Input for this task -

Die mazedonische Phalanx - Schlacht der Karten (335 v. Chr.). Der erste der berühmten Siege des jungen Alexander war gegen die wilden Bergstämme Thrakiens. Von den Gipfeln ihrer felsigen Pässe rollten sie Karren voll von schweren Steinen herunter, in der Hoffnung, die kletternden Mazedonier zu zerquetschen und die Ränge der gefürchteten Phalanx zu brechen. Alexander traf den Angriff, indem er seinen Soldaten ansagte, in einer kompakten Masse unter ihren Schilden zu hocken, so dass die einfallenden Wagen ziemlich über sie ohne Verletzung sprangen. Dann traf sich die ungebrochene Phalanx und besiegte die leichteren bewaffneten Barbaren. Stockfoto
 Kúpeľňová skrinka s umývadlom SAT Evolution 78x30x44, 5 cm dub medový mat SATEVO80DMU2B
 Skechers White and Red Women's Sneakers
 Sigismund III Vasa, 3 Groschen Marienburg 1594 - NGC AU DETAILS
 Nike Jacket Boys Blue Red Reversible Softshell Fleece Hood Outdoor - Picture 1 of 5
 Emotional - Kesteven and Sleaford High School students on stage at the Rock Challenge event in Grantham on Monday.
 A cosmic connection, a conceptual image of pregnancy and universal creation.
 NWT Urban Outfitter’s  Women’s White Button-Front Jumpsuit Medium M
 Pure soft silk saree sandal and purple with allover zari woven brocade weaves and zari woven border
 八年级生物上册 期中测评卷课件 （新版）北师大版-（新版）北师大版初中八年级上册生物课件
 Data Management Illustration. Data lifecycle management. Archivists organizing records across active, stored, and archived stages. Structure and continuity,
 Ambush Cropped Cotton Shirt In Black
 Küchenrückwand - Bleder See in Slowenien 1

Your instructions - Would you write out all of the data exactly as given?

Answer to the problem -
Die mazedonische Phalanx - Schlacht der Karten (335 v. Chr.). Der erste der berühmten Siege des jungen Alexander war gegen die wilden Bergstämme Thrakiens. Von den Gipfeln ihrer felsigen Pässe rollten sie Karren voll von schweren Steinen herunter, in der Hoffnung, die kletternden Mazedonier zu zerquetschen und die Ränge der gefürchteten Phalanx zu brechen. Alexander traf den Angriff, indem er seinen Soldaten ansagte, in einer kompakten Masse unter ihren Schilden zu hocken, so dass die einfallenden Wagen ziemlich über sie ohne Verletzung sprangen. Dann traf sich die ungebrochene Phalanx und besiegte die leichteren bewaffneten Barbaren. Stockfoto
 Kúpeľňová skrinka s umývadlom SAT Evolution 78x30x44, 5 cm dub medový mat SATEVO80DMU2B
 Skechers White and Red Women's Sneakers
 Sigismund III Vasa, 3 Groschen Marienburg 1594 - NGC AU DETAILS
 Nike Jacket Boys Blue Red Reversible Softshell Fleece Hood Outdoor - Picture 1 of 5
 Emotional - Kesteven and Sleaford High School students on stage at the Rock Challenge event in Grantham on Monday.
 A cosmic connection, a conceptual image of pregnancy and universal creation.
 NWT Urban Outfitter’s  Women’s White Button-Front Jumpsuit Medium M
 Pure soft silk saree sandal and purple with allover zari woven brocade weaves and zari woven border
 八年级生物上册 期中测评卷课件 （新版）北师大版-（新版）北师大版初中八年级上册生物课件
 Data Management Illustration. Data lifecycle management. Archivists organizing records across active, stored, and archived stages. Structure and continuity,
 Ambush Cropped Cotton Shirt In Black
 Küchenrückwand - Bleder See in Slowenien 1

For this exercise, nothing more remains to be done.